Começo, desde já, por lhe perguntar o que faz um GIP, no sentido, também, de
perceber que tipo de serviço é esse que tanta procura tem.
Dra
Francisca Ament Luiz – Sim, de facto, andamos cheios de trabalho. O único outro
GIP a operar em Portugal, o Alfé-GIP, em Trás-os-Montes, passou a dedicar-se
inteiramente à investigação laboratorial, pelo que, de momento e em toda a
Península Ibérica, só nós fazemos serviço público.
Chamamo-nos
Yama-GIP, nome composto por Yama (divindade hindu da morte) + Grupo de
Intervenção Paranormal, e, como trabalhamos com a atividade post mortem, no
nome de qualquer agente GIP há sempre um avatar extraído de mitologias da
morte, no meu caso é o apelido Ament, em homenagem a uma divindade egípcia do
além. Somos uma divisão da ONEK (Ordem Neokardecista mundial), por isso
definimo-nos como espíritas neokardecistas, o que quer dizer que temos Allan
Kardec como ponto de partida, mas distinguimo-nos, não só de outras doutrinas
de semelhante área de intervenção, como o Umbanda, os Roustanguistas e os
Racionalistas Cristãos, mas também do próprio Kardecismo original, por termos
eliminado a Moral do trinómio das formas clássicas do conhecimento (Ciência, Filosofia
e Moral), com todas as suas implicações.
P
– São então uma organização espírita neokardecista, um Grupo de Intervenção
Paranormal. Intervém, portanto, não no mundo, dito, normal, mas no paranormal,
ao nível dos espíritos, mas intervém como? São procurados por clientes? É a
ONEK que vos dá o plano de ação? Trabalham para outras organizações? O que faz
exatamente um GIP ou, particularizando, o que tem feito o Yama-GIP?
F
– Um GIP é um grupo de cientistas operacionais, que trabalha com conceitos
bastante técnicos, pouco conhecidos do cidadão médio. Não será eficaz explicar
em detalhe as nossas ferramentas, por isso, proponho-lhe o seguinte:
Uma
vez que todas as intervenções espirituais de um GIP só são concluídas com a
elaboração de uma Conclusão e, por coincidência, um dos casos referidos no
relatório anual do PIAP, inteiramente resolvido por nós, aconteceu cá em
Portugal, aqui mesmo, perto da nossa sede, no concelho de Santiago do Cacém, e
se eu lhe fosse fazendo um pequeno resumo dessa Conclusão, aproveitando a
boleia para irmos esmiuçando alguma da terminologia utilizada?
P
– Excelente.
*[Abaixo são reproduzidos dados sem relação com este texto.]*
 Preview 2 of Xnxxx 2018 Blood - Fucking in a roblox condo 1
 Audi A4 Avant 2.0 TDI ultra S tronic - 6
Avance.
F
– Dois anos atrás, por volta do dia 2 de novembro, o casal Rui e Sandra, em Vila Nova de Santo André, apercebeu-se de uma pequena mancha no
teto da sua sala de estar, que atribuiu à humidade, até mesmo porque a casa
onde ainda habitam tem historial nesse sentido.
Mais
ou menos a partir do dia 10, a suposta mancha de humidade desenvolveu-se em
três formas distintas, uma redonda e pequena ao centro, ladeada de duas
elípticas e mais longas, assemelhando-se muito à silhueta de uma ventoinha de
teto.
Na
mesma sala, no dia 13, mesmo por baixo das manchas, apareceram duas folhas de
papel amarrotadas, cada uma com uma lista escrita à mão, ao jeito de listas de
compras ou de ingredientes.
Numa
podíamos ler nomes como “óleo de néroli”, “coentros”, “extrato de baunilha”,
“fluido de coca” e “óleo de limão".
Na
outra só se encontrava a palavra “mercadoria” repetida, mas numerada:
“mercadoria 1”, “mercadoria 2“, até à “mercadoria 9”. Contudo, dois dos números
diferenciadores das ditas “mercadorias” apareciam riscados, o 6 e o 9.
Antes
de nos envolver, o casal pedira uma avaliação técnica às manchas, tendo-lhes
sido negada, pelos peritos, qualquer possibilidade de terem sido causadas pela
humidade.
P
– E porque é que eles vos contactaram, quero dizer, com que justificação?
F
– Tendo contado o sucedido em grupo de amigos, que os conhecem como um casal
não sobrenaturalista, mas aberto ao inverosímil, alguém lhes sugeriu os nossos
serviços, no sentido de os ajudar a perceber os acontecimentos.
P
– E depois, que passos deram?
F - Além
da fotografia que tirámos, como prova, da curiosa composição de manchas no
teto, eles facultaram-nos as folhas, amarrotadas, com as listas.
Depois
de termos pesquisado, em variadíssimas fontes, combinações dos ingredientes da
primeira lista, todos os resultados apontaram para a receita original da
Coca-Cola, não a que se usa hoje em dia, mas a original, do séc XIX. Entre
outras razões menos sonantes, o facto de ainda conter “fluido de coca”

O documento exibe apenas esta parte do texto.